Foreign Exchange Crisis Deepens as Nearly Half of Nigerian Manufacturers Lack Access to Official Market – MAN

The Manufacturers Association of Nigeria (MAN) has raised alarm over the worsening foreign exchange (FX) crisis, revealing that 49 percent of its members are unable to access foreign exchange through official channels.

In its latest Manufacturing Sector Outlook Report, MAN stated that the situation is severely affecting production, importation of raw materials, and overall business sustainability. The association warned that unless urgent measures are taken, the industrial sector could face deeper contraction in the coming months.

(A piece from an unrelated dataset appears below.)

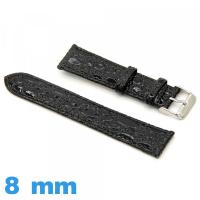Bracelet montre  Noir cuir 8mm Crocodile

According to MAN, the persistent scarcity of foreign exchange has forced many manufacturers to rely on the parallel market, where rates are significantly higher, thereby increasing production costs and eroding competitiveness.

“About 49 percent of manufacturers reported that they could not access FX through the official window in the last quarter,” the report read. “This continues to undermine the growth and resilience of the manufacturing sector.”

The association’s Director-General, Segun Ajayi-Kadir, emphasized that the FX challenge, coupled with rising energy costs and inflation, is pushing many local manufacturers to the brink of collapse.

“The manufacturing environment remains very fragile,” Ajayi-Kadir said. “We need deliberate policies from the government to improve liquidity in the official FX market and ensure fair access to manufacturers who drive the real economy.”

MAN urged the Central Bank of Nigeria (CBN) to prioritize industrial players in FX allocation, noting that the manufacturing sector contributes significantly to employment and GDP growth.

“When manufacturers cannot access FX for essential imports, production slows down, jobs are lost, and the economy suffers,” the DG added.

Industry experts have also linked the worsening FX situation to Nigeria’s dwindling oil revenue, speculative trading, and limited inflow of foreign capital.

Economist Dr. Olumide Adesina told The Nation Watch that “the ripple effect is clear inflation rises, consumer prices spike, and Nigeria becomes less attractive for manufacturing investment.”

Despite ongoing reforms by the CBN aimed at unifying the exchange rate and stabilizing the naira, analysts say the impact is yet to be felt by real-sector players.

MAN has therefore called for targeted interventions, including improving export incentives, promoting backward integration, and attracting more foreign investment into the productive sectors of the economy.